No shame no blame means when we are being brutally honest, it's not for the purpose of pointing the finger at anyone else, making them feel bad, blaming someone, ganging up on someone. It's not for the purposes of looking back. It's always for the purpose of looking forward. So no shame, no blame means let's be brutally honest, but let's do it - not look back, not blame - let's look forward and say, how do we do it better the next time? If we made a mistake as a team, if I made a mistake as an individual, or one of you around the table made that mistake, let's honor it, let's understand it, and let's talk about how we do better next time.

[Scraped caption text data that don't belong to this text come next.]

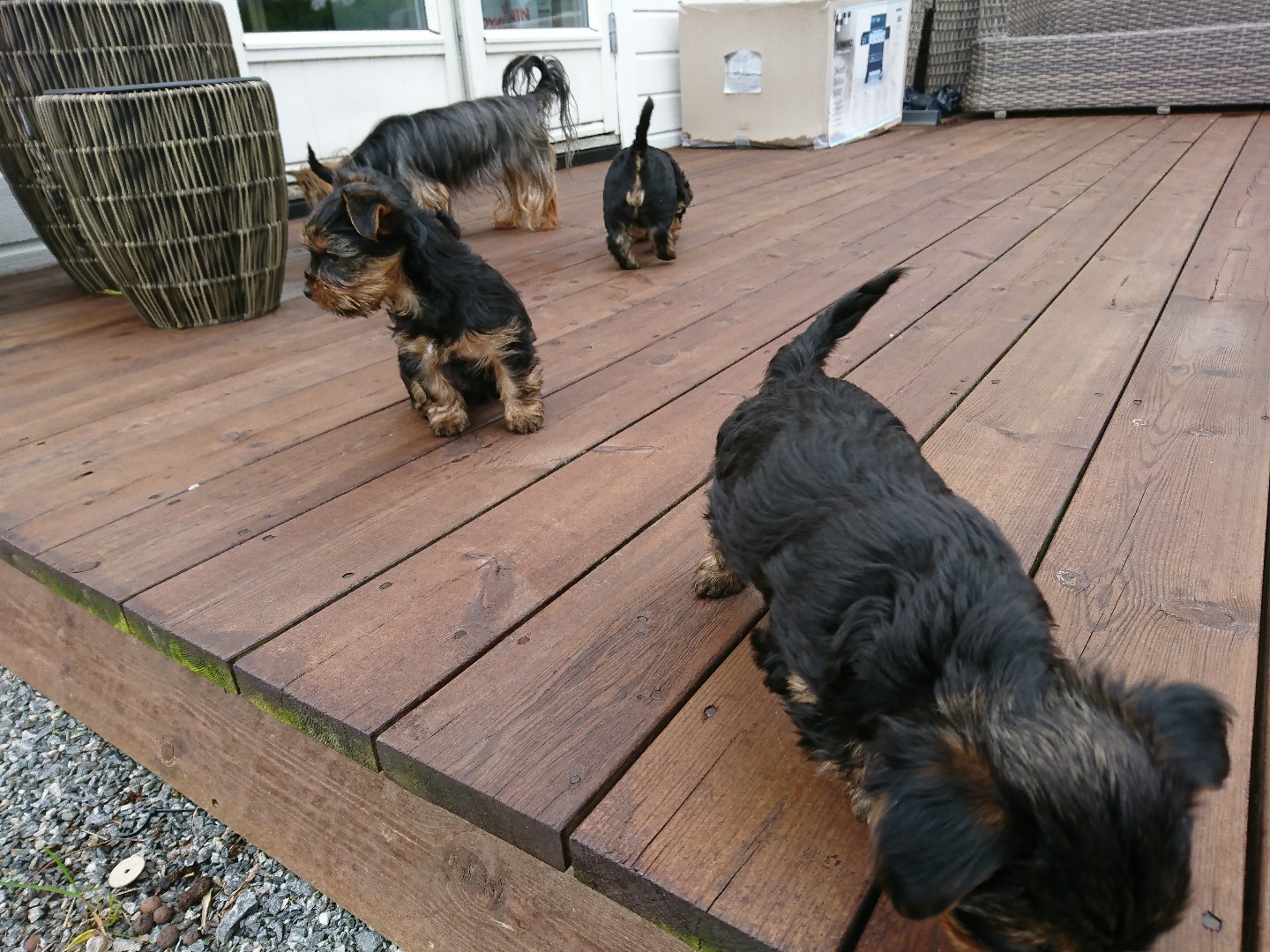 Yorkshire Terrier valp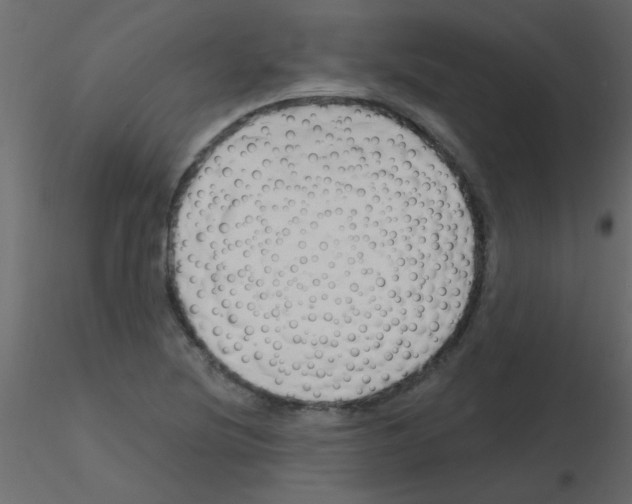 X0000115811220200912241907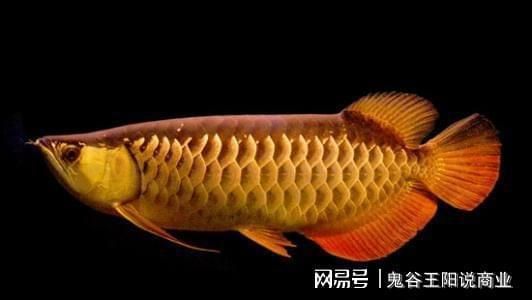 龍魚美容手術怎么樣做：龍魚美容手術怎么做詳情 龍魚百科 第3張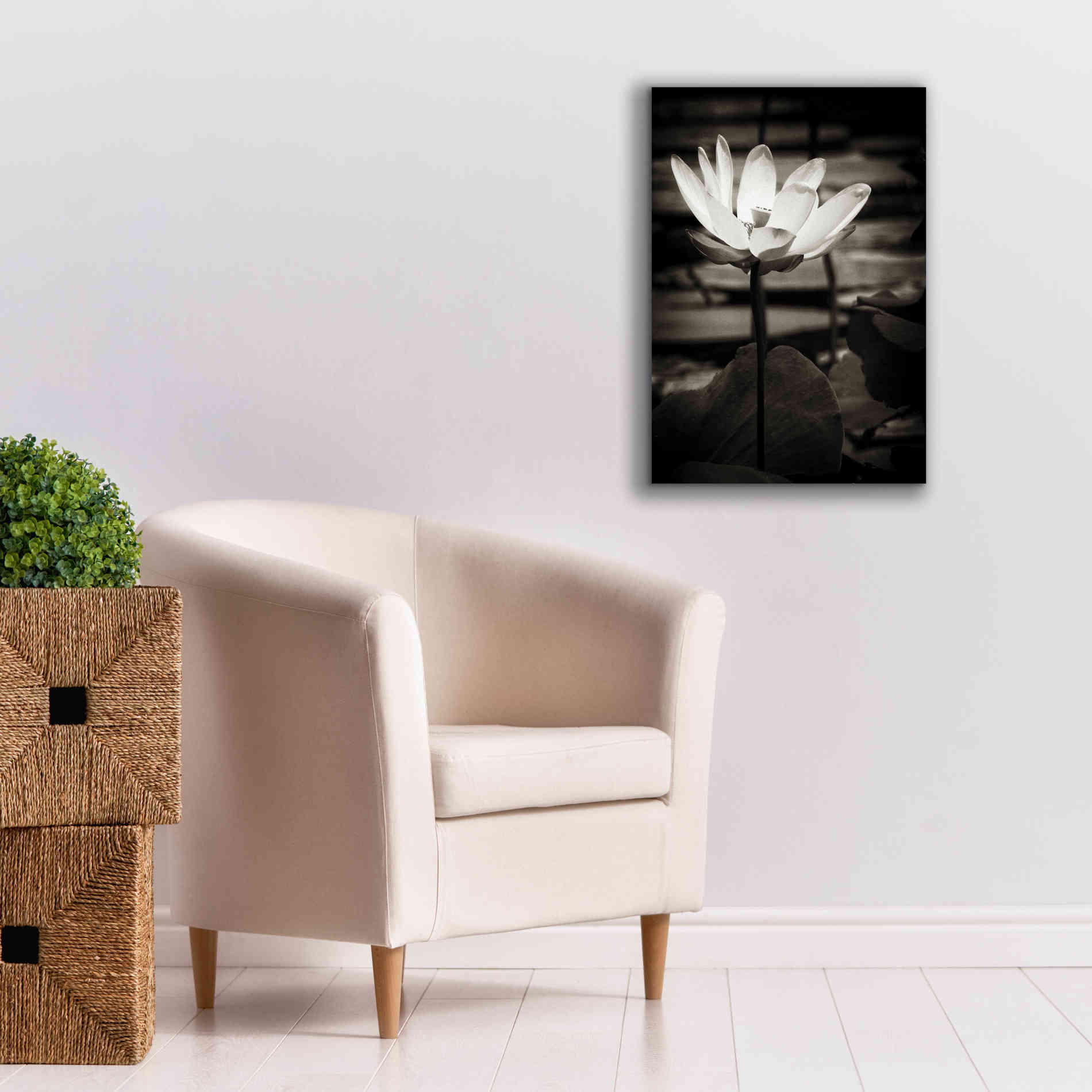 'Lotus Flower VIII' by Debra Van Swearingen, Canvas Wall Art,18 x 26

Ground rule 3: Disagree and commit.

This rule is probably the hardest one. It comes from Pat Lencioni in his book The Five Dysfunctions of a Team. Disagree and commit means we can disagree around this conference room table. It might even get heated and emotional at times, and that conflict is okay. In fact, that conflict is more than okay - it's critical. But once everybody has had the chance to be heard around the table and a decision is made - the decision may be made by the leader of the team, the decision may be made by whoever is accountable for that function - you need to commit to that decision. You need to leave that room as committed to that decision, as bought into that decision, as if it was your own idea. Sometimes with my teams when I coach them privately, it's easy to actually describe what disagree and commit is not, because I think people believe they are following disagree and commit when they're not. So here's what it's not. Let's say three of you on your team believe with all your heart that the right answer for a given question or a decision you need to make is option A. You just know it's option A. And the other three people on the team, the other half of the table, believe that it's option B. So you and two others believe it's option A, three people believe it's option B. You get into some heated important debate, everybody has a chance to be heard, and whoever is accountable for making that decision chooses to go with option B. Now, you wanted option A. Here's what disagree and commit it is not. It's not then going back to your team who says hey, I heard you were making that decision today. I hope you went with option A, we wanted option A, and you say well yeah, I know option A is the right option, but the team decided option B. Let's make the best of it. That's not disagree and commit. When you say well, let's just make the best of it, that's like asking your team to look for any excuse to prove that option B was the wrong answer. That's not true commitment. True commitment is going back to your team and saying guys, we discussed it as a leadership team, we chose option B, we are going to make that work. Let's talk about how we're making option B work. That's disagree and commit. It’s not easy to do, it doesn't mean you're being dishonest, it doesn't mean you say I always believed it was option B, but what it means is you've got to commit to that and be as passionate about making that work as if it was your own idea.

So, what are your ground rules? Do you have ground rules? If you have ground rules, do you share them at the beginning of every meeting? Are they followed in every meeting? Do you hold people accountable for following those? If you want to generate more ideas, you want to make better decisions faster, you want to build stronger relationships - start with the right ground rules in your next meeting.